Copy nothing but the lines below, from the one with "Bouton en métal" through the one with "Senador Omar Aziz", exactly as written; no pictures should appear.
---------- Record extracts ----------
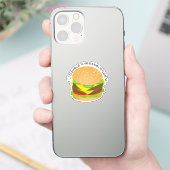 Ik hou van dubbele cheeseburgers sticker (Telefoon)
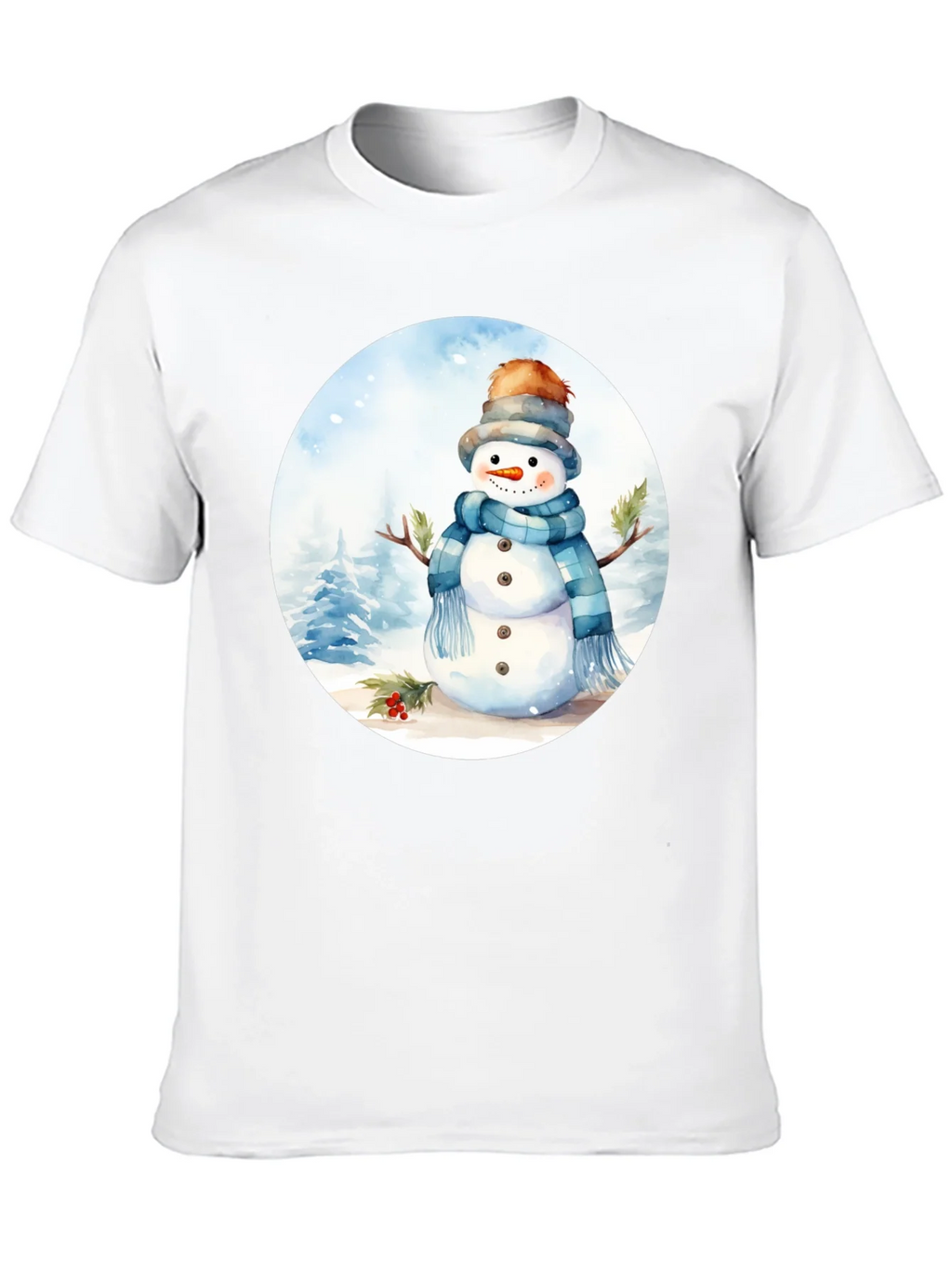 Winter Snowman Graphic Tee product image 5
----------
---------- Record extracts ----------
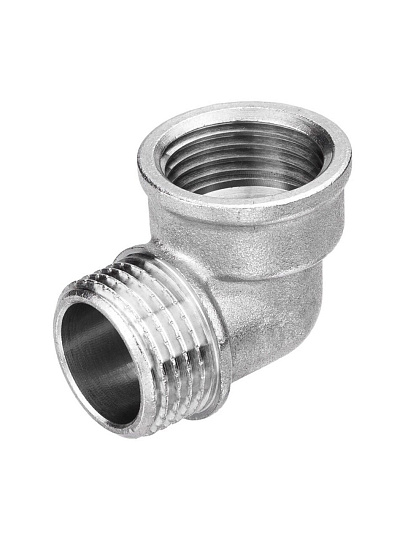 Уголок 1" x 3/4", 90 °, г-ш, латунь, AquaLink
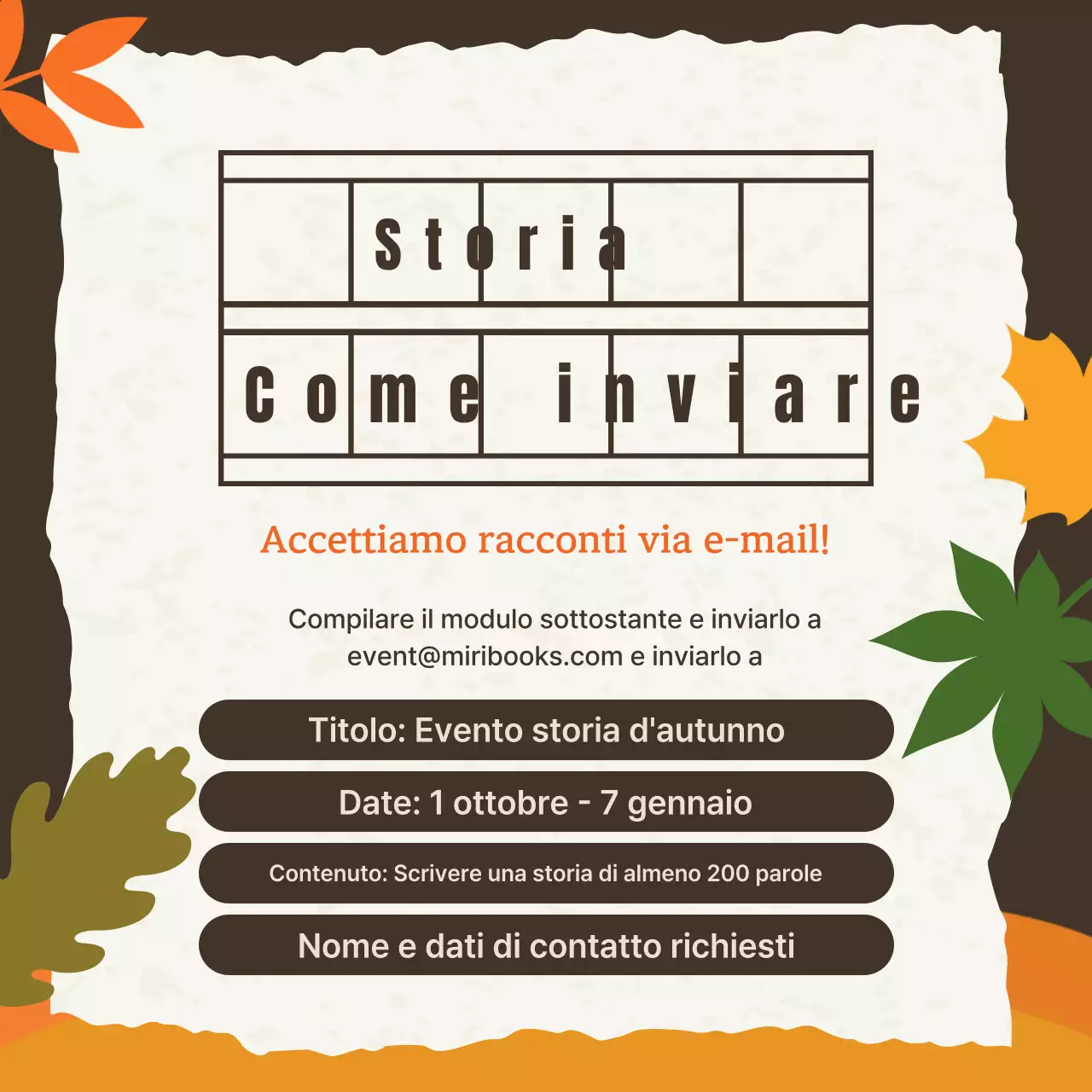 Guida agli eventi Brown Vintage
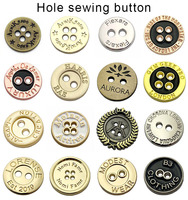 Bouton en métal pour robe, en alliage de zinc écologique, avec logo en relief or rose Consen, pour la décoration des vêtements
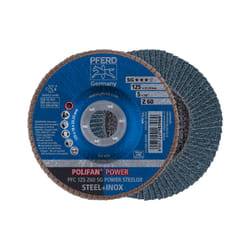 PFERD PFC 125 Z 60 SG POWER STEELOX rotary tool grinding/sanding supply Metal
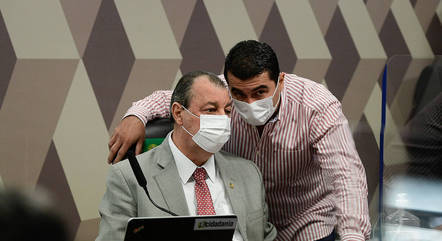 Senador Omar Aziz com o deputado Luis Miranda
----------
---------- Record extracts ----------
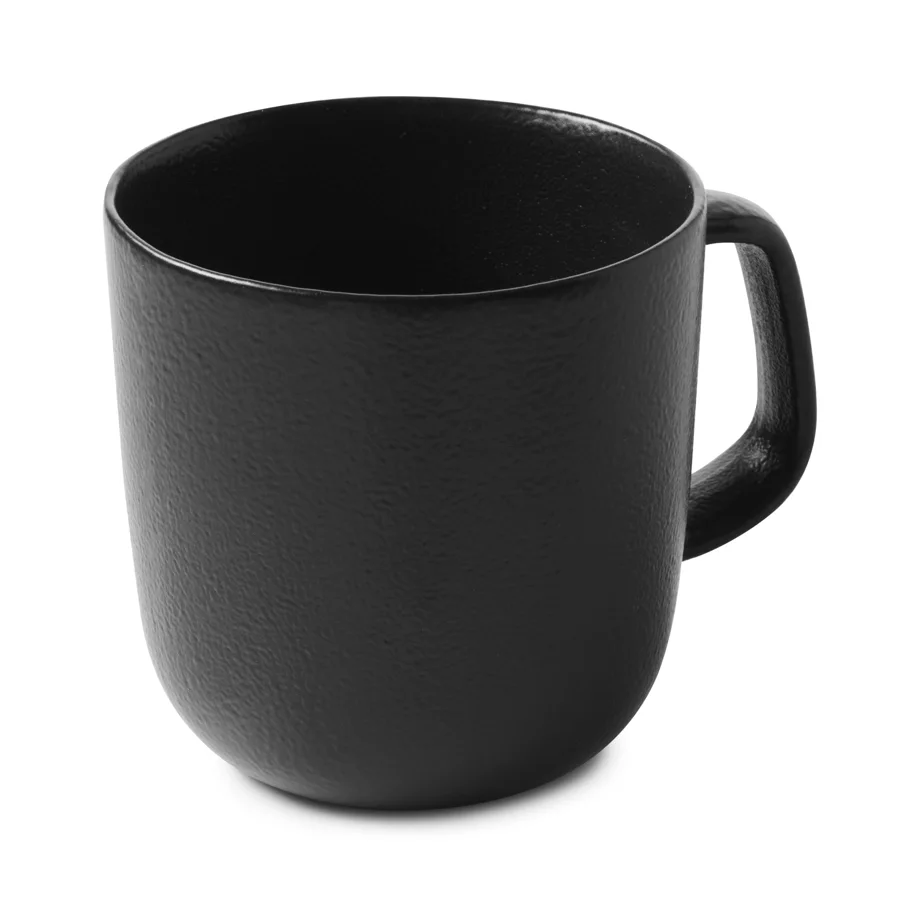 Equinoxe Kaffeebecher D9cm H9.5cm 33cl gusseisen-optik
----------
* [Result of this task]
 Bouton en métal pour robe, en alliage de zinc écologique, avec logo en relief or rose Consen, pour la décoration des vêtements
 PFERD PFC 125 Z 60 SG POWER STEELOX rotary tool grinding/sanding supply Metal
 Senador Omar Aziz com o deputado Luis Miranda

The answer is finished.